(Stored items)
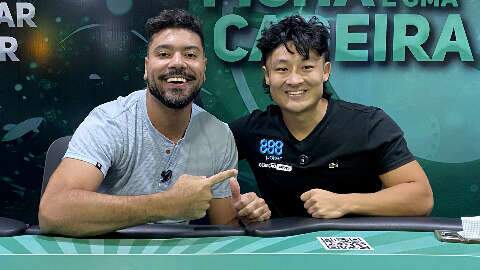 Milion&aacute;rio antes dos 30 anos, L&eacute;o j&aacute; jogou poker at&eacute; com Neymar
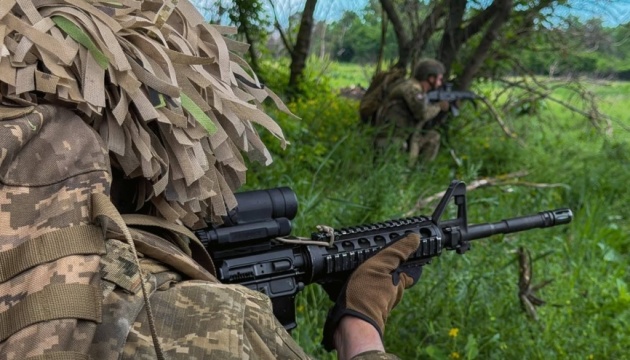 На фронте с начала суток - 58 столкновений, наиболее горячо на двух направлениях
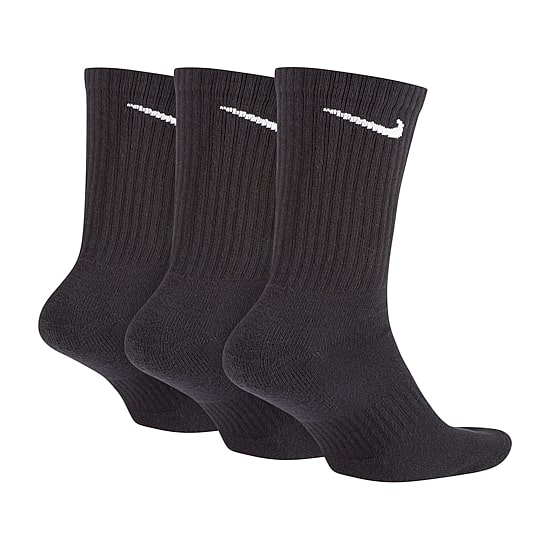 Nike Everyday Cushioned Unisex Adult 3 Pair Crew Socks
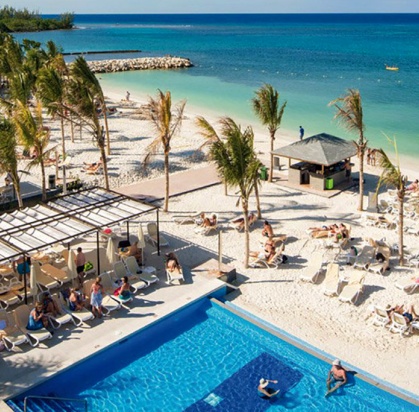 Hôtel Riu Reggae 5* Adult Only +18, Séjour Jamaïque par Ôvoyages Hôtel Riu Reggae 5* Adult Only +18, Séjour Jamaïque par Ôvoyages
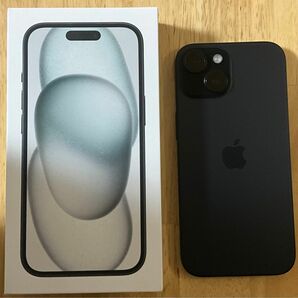 iPhone15 128gb ブラック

#### [What to do]
Print the data again, word for word, without any pictures.

#### [Answer for this exercise]
 Milion&aacute;rio antes dos 30 anos, L&eacute;o j&aacute; jogou poker at&eacute; com Neymar
 На фронте с начала суток - 58 столкновений, наиболее горячо на двух направлениях
 Nike Everyday Cushioned Unisex Adult 3 Pair Crew Socks
 Hôtel Riu Reggae 5* Adult Only +18, Séjour Jamaïque par Ôvoyages Hôtel Riu Reggae 5* Adult Only +18, Séjour Jamaïque par Ôvoyages
 iPhone15 128gb ブラック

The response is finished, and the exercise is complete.